Producer Brook D'Leau and singer-songwriter Miss Jack Davey are L.A.'s most funkdified fusionists. They create music to make futuristic love to: Bass lines throb with Prince-worthy pulsations while Davey pants lyrics that would not be out of place in one of the Purple One's orgasmathons. But anticipate nothing, and expect anything — just as easily, D'Leau might dissolve a thick new-wave synth into a hand-clapping drum machine as Davey sings a sweet ode primed for a Molly Ringwald dance. Their loyal legion of fans, the J*DaVeY NaVeY, will turn out to see what unpredictable tricks the duo pull out of their very fashionable sleeves, but the jam-packed bill is worthy as well.

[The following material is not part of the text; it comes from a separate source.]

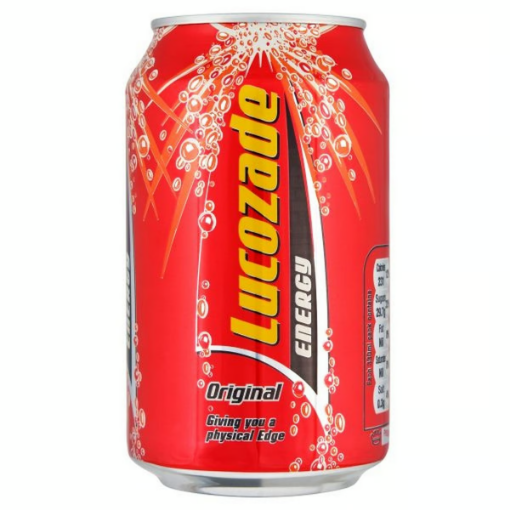 صورة Lucozade Energy Drink Original Can 330ml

Smokey-voiced singer Nikko Gray toys with torch songs, while the trio Pollyn shoot an Afro-poppy beat right into space. —Rebecca Haithcoat
Chilean rapper Ana Tijoux pumps out her beat-heavy songs today at a free concert in the park. Much like her homeland, the singer has undergone many changes over the years. She was raised in France while her parents were exiled from Chile during the years that Augusto Pinochet was in power. When she relocated to Chile, she got wrapped up in Santiago's growing hip-hop scene and ended up fronting the popular, late-1990s group Makiza and collaborating with Mexican alt-pop diva Julieta Venegas. After leaving Makiza, Tijoux eventually went solo, releasing the album 1977 last year and crafting a form of rap that was personal and humanistic instead of vain and boastful. Although she used to rap in French, these days she primarily chants her lyrics in Spanish. —Falling James
CHRISTINA PERRI, HONEYHONEY, SARAH AULT at Troubadour; LA FONT, TERRAPLANE SUN at the Echo; NOAH LIT, MEGAFAUNA, MARCUS VERY ORDINARY at Pershing Square; PAJAMA CLUB (NEIL FINN) at the Roxy; DEX ROMWEBER DUO at the Whisky; NURIYA at Skirball; STARFUCKER at El Rey Theatre; NICK MANCINI GROUP at Blue Whale; THE BEAT IS LAW (PULP DOCUMENTARY) screening at Cinefamily.